# PROBLEM
Without any pictures, print the lines below from the one that has "德國凱優Cat′s Best-經典凝結木屑砂(紅標凝結型) 20L/8.6kg 兩包組" through the one that has "Classic Car Rainy", exactly and nothing else.

START ENTRIES SUPPLIED

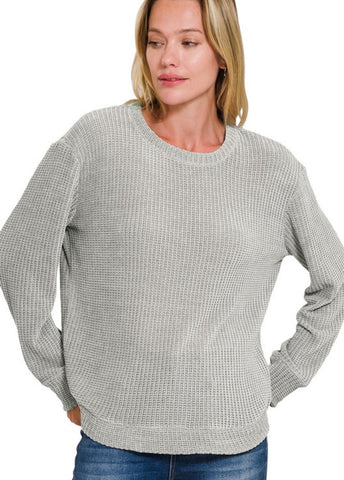 Chenille Waffle Knit Crew Sweater Grey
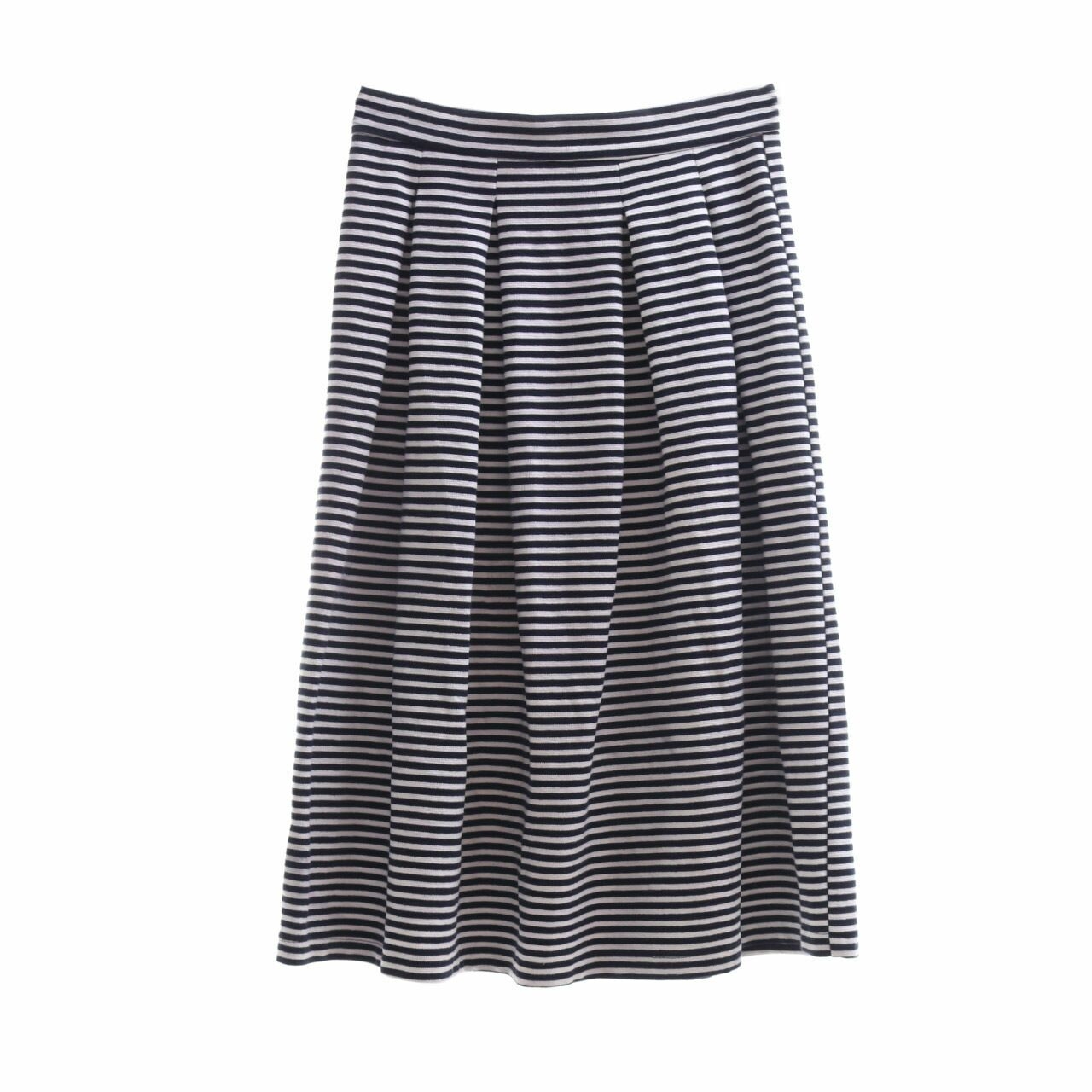 Petite Cupcake Black & White Stripes Midi Skirt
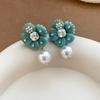 Silver Needle Rhinestone Flower Stud Earrings, High-End Personalized Fashion Accessories for Women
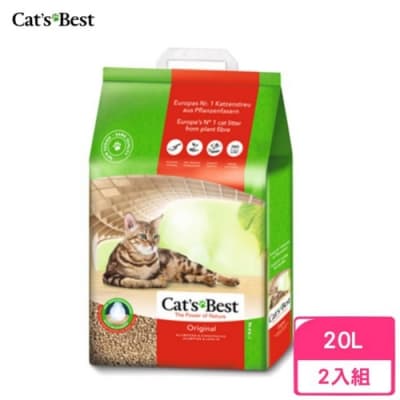 德國凱優Cat′s Best-經典凝結木屑砂(紅標凝結型) 20L/8.6kg 兩包組
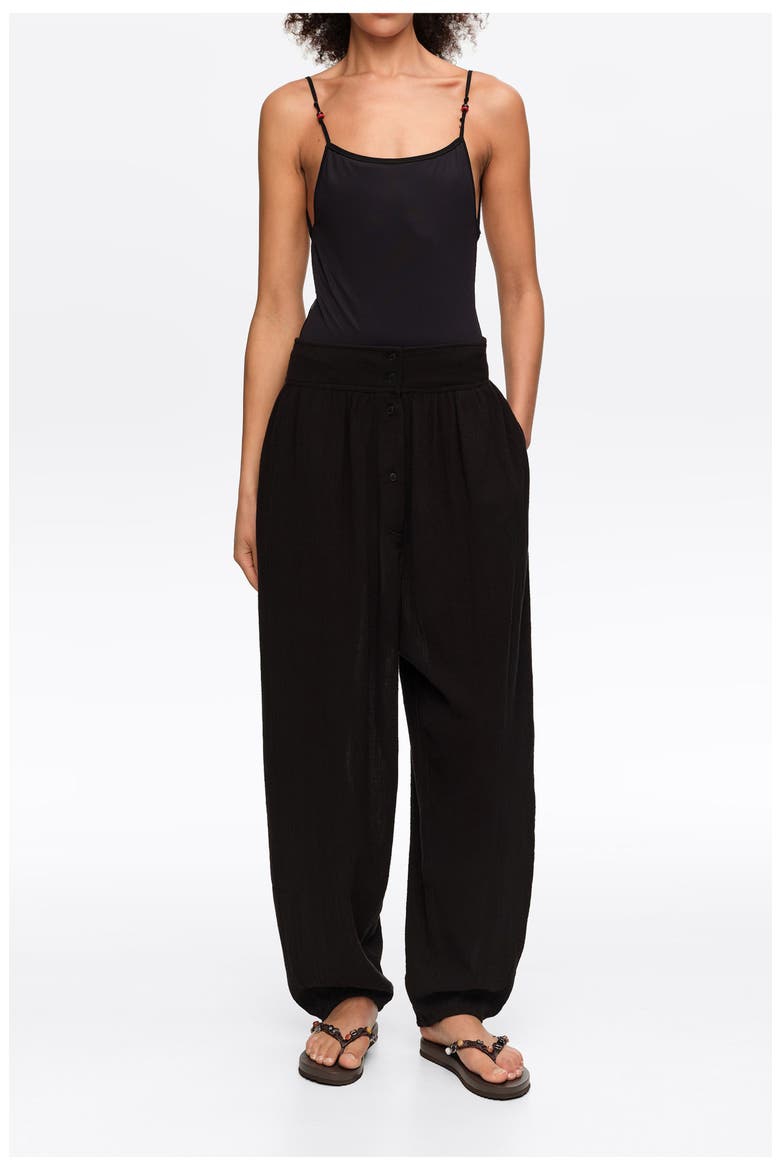 Textured Cotton Harem Trousers, Main, color, BLACK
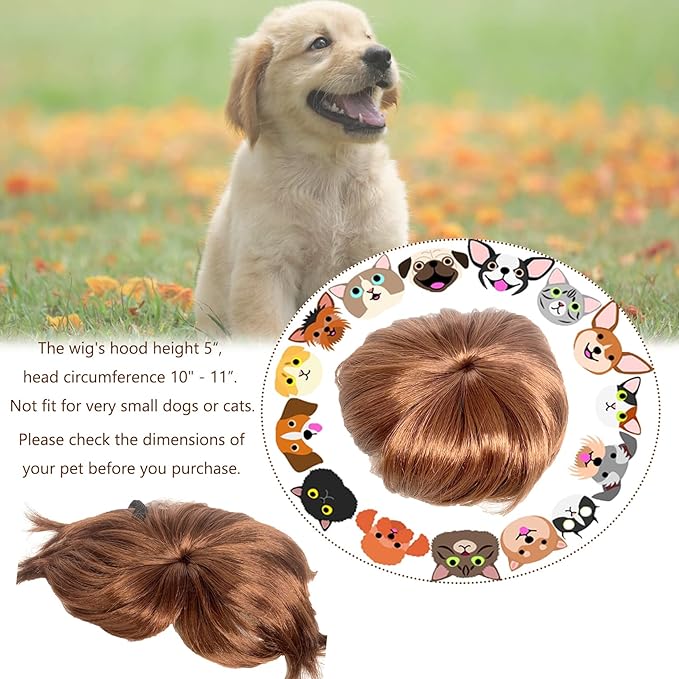 Dog Wig Pet Costumes, Cat Costume Synthetic Accessories Small Dog Headwear for Halloween Christmas Eve Festival Party Decor, Head Wear Apparel Toy (B)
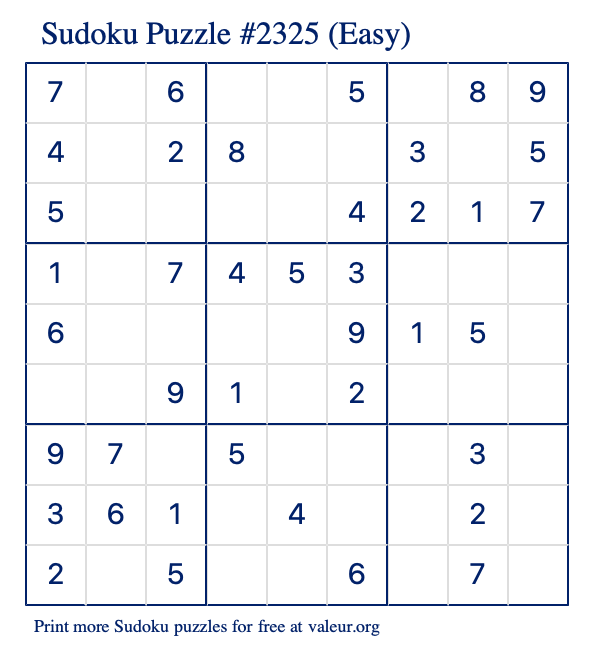 Free Printable Easy Sudoku Puzzle number 2325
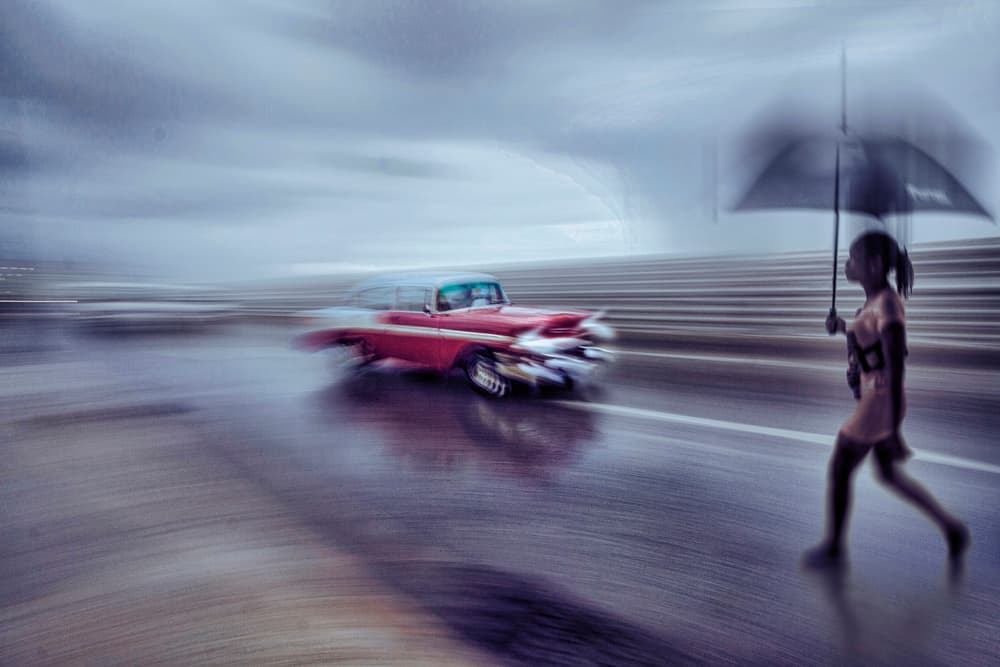 Classic Car Rainy Walk by Svetlin Yosifov — canvas wall art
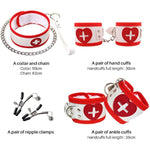 Bdsm Bed Restraints Kits Sex Bondage Sets Sex Toys Play For Couples With Handcuffs Ankle Cuff Collar Leash Ball Gag Solid Leather Cross Strap Feather (Red)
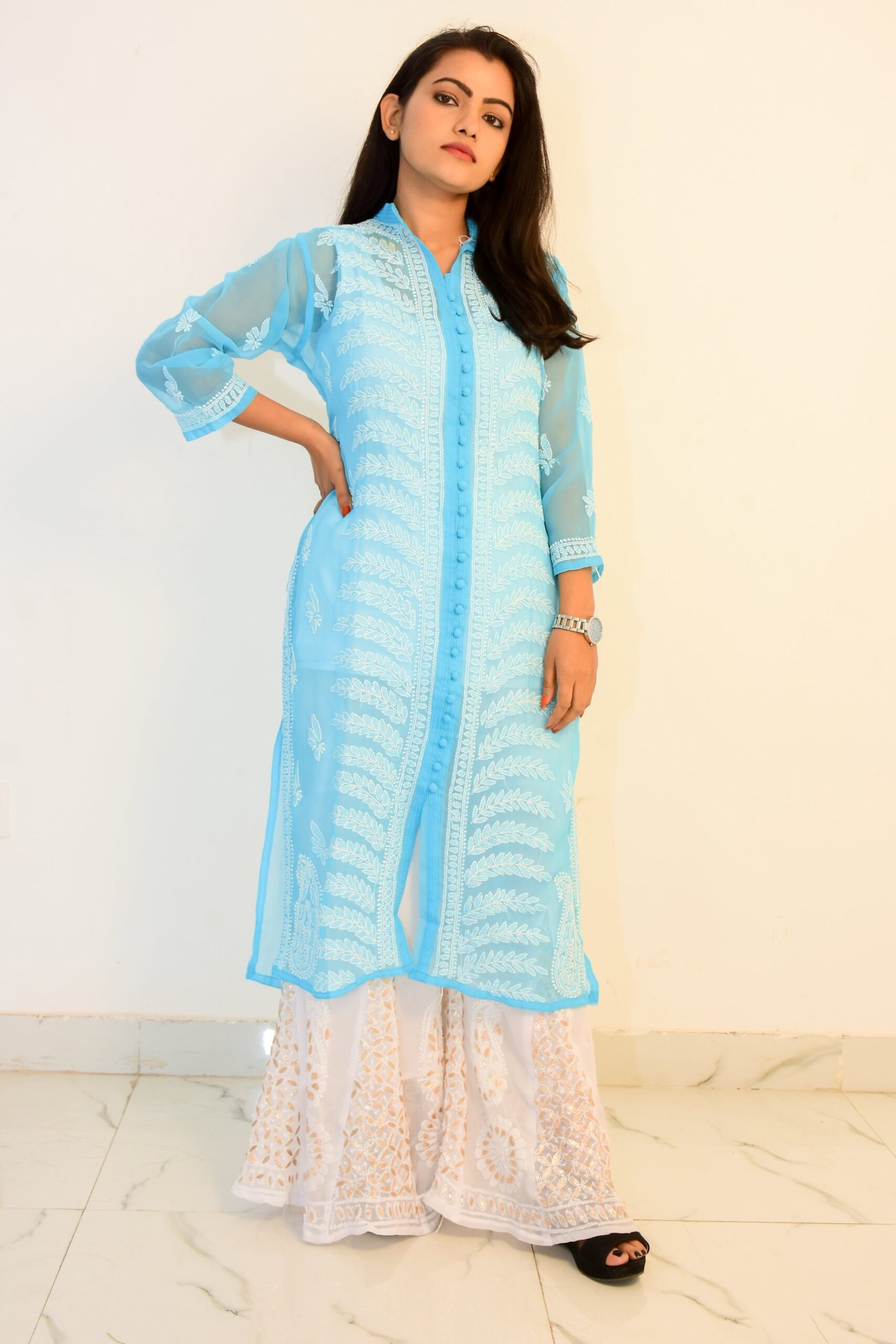 Shades Salwar Suits and Sets  Buy Shades Blue Printed A Line Kurti With  Net Border And Palazzo Set of 2 Online  Nykaa Fashion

END ENTRIES SUPPLIED

# SOLUTION BELOW
 德國凱優Cat′s Best-經典凝結木屑砂(紅標凝結型) 20L/8.6kg 兩包組
 Textured Cotton Harem Trousers, Main, color, BLACK
 Dog Wig Pet Costumes, Cat Costume Synthetic Accessories Small Dog Headwear for Halloween Christmas Eve Festival Party Decor, Head Wear Apparel Toy (B)
 Free Printable Easy Sudoku Puzzle number 2325
 Classic Car Rainy Walk by Svetlin Yosifov — canvas wall art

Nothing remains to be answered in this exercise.